Given the entries that follow, write out exactly the lines starting at the one containing "0.5m, μαύρο CABLETIME" and ending at the one containing "Amoladora Angular 1800W", both ends included, and only those.

#### Source data
+++
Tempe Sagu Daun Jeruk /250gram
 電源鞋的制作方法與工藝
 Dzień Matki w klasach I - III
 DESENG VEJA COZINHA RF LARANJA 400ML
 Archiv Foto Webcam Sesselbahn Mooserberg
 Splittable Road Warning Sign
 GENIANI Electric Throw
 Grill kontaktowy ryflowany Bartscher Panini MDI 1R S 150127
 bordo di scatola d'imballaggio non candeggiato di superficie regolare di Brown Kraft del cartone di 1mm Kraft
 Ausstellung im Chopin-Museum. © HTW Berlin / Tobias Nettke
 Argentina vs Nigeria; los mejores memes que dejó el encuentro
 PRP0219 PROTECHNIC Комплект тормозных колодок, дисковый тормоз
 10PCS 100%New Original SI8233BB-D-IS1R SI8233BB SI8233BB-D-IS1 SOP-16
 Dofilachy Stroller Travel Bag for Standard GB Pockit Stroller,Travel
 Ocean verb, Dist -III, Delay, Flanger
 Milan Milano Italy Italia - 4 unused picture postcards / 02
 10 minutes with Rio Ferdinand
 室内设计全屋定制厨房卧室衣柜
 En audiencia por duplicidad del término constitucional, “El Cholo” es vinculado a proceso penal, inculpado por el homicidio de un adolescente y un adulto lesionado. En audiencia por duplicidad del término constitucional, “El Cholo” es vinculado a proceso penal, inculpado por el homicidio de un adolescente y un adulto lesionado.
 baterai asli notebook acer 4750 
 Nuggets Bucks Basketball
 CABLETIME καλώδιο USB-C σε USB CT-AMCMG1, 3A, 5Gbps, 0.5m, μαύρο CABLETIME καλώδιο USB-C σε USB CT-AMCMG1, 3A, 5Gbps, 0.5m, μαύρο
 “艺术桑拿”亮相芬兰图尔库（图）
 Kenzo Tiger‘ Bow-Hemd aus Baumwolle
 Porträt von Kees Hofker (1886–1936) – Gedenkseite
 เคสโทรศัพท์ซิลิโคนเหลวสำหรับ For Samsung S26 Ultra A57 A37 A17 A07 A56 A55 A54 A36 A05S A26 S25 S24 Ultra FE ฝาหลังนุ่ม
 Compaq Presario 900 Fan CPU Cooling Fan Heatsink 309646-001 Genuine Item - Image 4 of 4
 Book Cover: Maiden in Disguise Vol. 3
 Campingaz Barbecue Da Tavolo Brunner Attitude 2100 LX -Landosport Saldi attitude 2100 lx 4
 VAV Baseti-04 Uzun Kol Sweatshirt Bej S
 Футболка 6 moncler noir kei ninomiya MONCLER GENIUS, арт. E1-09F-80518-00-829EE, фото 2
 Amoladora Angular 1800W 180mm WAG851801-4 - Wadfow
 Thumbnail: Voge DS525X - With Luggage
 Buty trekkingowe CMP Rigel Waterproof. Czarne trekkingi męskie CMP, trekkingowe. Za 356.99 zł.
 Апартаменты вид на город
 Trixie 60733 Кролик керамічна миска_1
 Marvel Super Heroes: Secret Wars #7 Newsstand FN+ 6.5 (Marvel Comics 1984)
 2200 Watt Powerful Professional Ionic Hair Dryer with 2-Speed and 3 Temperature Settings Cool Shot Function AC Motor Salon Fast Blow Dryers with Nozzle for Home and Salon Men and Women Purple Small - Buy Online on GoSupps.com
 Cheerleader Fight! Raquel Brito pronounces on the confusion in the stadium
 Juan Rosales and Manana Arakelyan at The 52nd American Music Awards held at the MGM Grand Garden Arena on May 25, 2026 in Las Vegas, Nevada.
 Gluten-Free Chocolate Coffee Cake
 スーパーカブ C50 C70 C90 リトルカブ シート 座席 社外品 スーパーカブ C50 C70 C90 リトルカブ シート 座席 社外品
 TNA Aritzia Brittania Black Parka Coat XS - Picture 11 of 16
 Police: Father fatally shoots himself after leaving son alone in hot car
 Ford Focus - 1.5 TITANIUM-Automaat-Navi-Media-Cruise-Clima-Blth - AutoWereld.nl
+++
#### Solution to this problem
 CABLETIME καλώδιο USB-C σε USB CT-AMCMG1, 3A, 5Gbps, 0.5m, μαύρο CABLETIME καλώδιο USB-C σε USB CT-AMCMG1, 3A, 5Gbps, 0.5m, μαύρο
 “艺术桑拿”亮相芬兰图尔库（图）
 Kenzo Tiger‘ Bow-Hemd aus Baumwolle
 Porträt von Kees Hofker (1886–1936) – Gedenkseite
 เคสโทรศัพท์ซิลิโคนเหลวสำหรับ For Samsung S26 Ultra A57 A37 A17 A07 A56 A55 A54 A36 A05S A26 S25 S24 Ultra FE ฝาหลังนุ่ม
 Compaq Presario 900 Fan CPU Cooling Fan Heatsink 309646-001 Genuine Item - Image 4 of 4
 Book Cover: Maiden in Disguise Vol. 3
 Campingaz Barbecue Da Tavolo Brunner Attitude 2100 LX -Landosport Saldi attitude 2100 lx 4
 VAV Baseti-04 Uzun Kol Sweatshirt Bej S
 Футболка 6 moncler noir kei ninomiya MONCLER GENIUS, арт. E1-09F-80518-00-829EE, фото 2
 Amoladora Angular 1800W 180mm WAG851801-4 - Wadfow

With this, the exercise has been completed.